I guess if you quit trying that's what you get. But you take a break, catch your breath and then PUSH. Don't break for too long, just long enough to muster the energy for another push.

Too use a spinning reference....you crank up the resistance until you almost can't push the pedals. It's heavy and it's hard and it seems impossible. And then you take a deep breath, dig deep and give it a burst of power and pedal faster.....and you know what? It gets easier. Momentum, darling. Big breath, burst of power, pedal faster. Break and breath, repeat. Same with life.

citizen jayne said...

ummmm.... I have one word to say (to start anyway, lol)on this.
GRIEF.
change and struggle are about grief.
Your summer elation? real. the dumpy dumps you feel now? real.
as we move through experiences and arrive at the other side, we immediately try to re-orient to the new reality. We create unrealistic expectations and hold our selves to impossible standards and we forge the first rule of self: compassion.
if you make a decision (i.e. A Zone Diet or Bust), and it turns out to not be the right decision.... bingo bammo, you can make a different decision.
You are the expert on you.

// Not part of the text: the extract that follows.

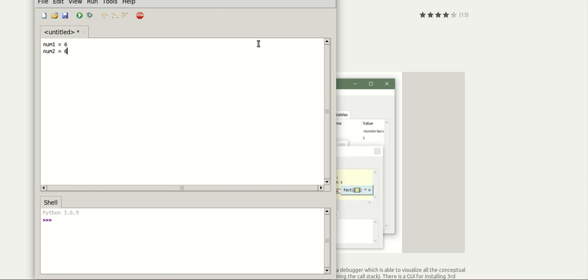So the number 6 is assigned to the num1 and num2 variable and I am going to use an addition operator to add these two numbers.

You know all your dirty tricks, you know what makes you smile inside with joy and pride (yes pride, NOT a dirty word btw).

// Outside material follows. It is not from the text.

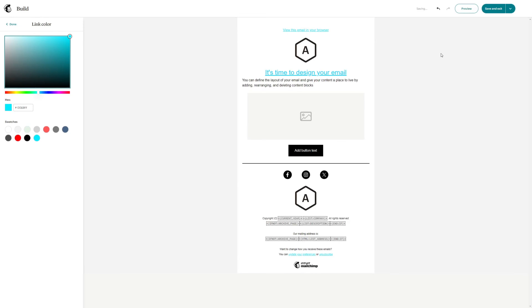So yeah that's pretty much everything to know about how to change the hyperlink color in MailChimp. If you have any questions let me know down in the comments below and I'll be more than happy to help.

Seek the places you are most creative and DO YOUR ART. whatever that is (knitting, blogging, you get the picture) and EMBRACE it.
the mere act of CREATING, will propell you forward in the direction you are meant to be travelling.
Back to the grief thingy. its kinda like the saying "where ever you go, there you are". the only way through is.... through. I know, who made up that dumb rule eh?
Even if the dramatic change you went through was a positive one (yes, oh yes it was!) you will still grief its loss. Know each tear you shed (in whole foods or your pillow) is one less you are keeping inside to roil and rage against your keen spirit of courage.
peace out.
sorry if I sound crazy. I had my flu shot today. Probably mercury poisoning.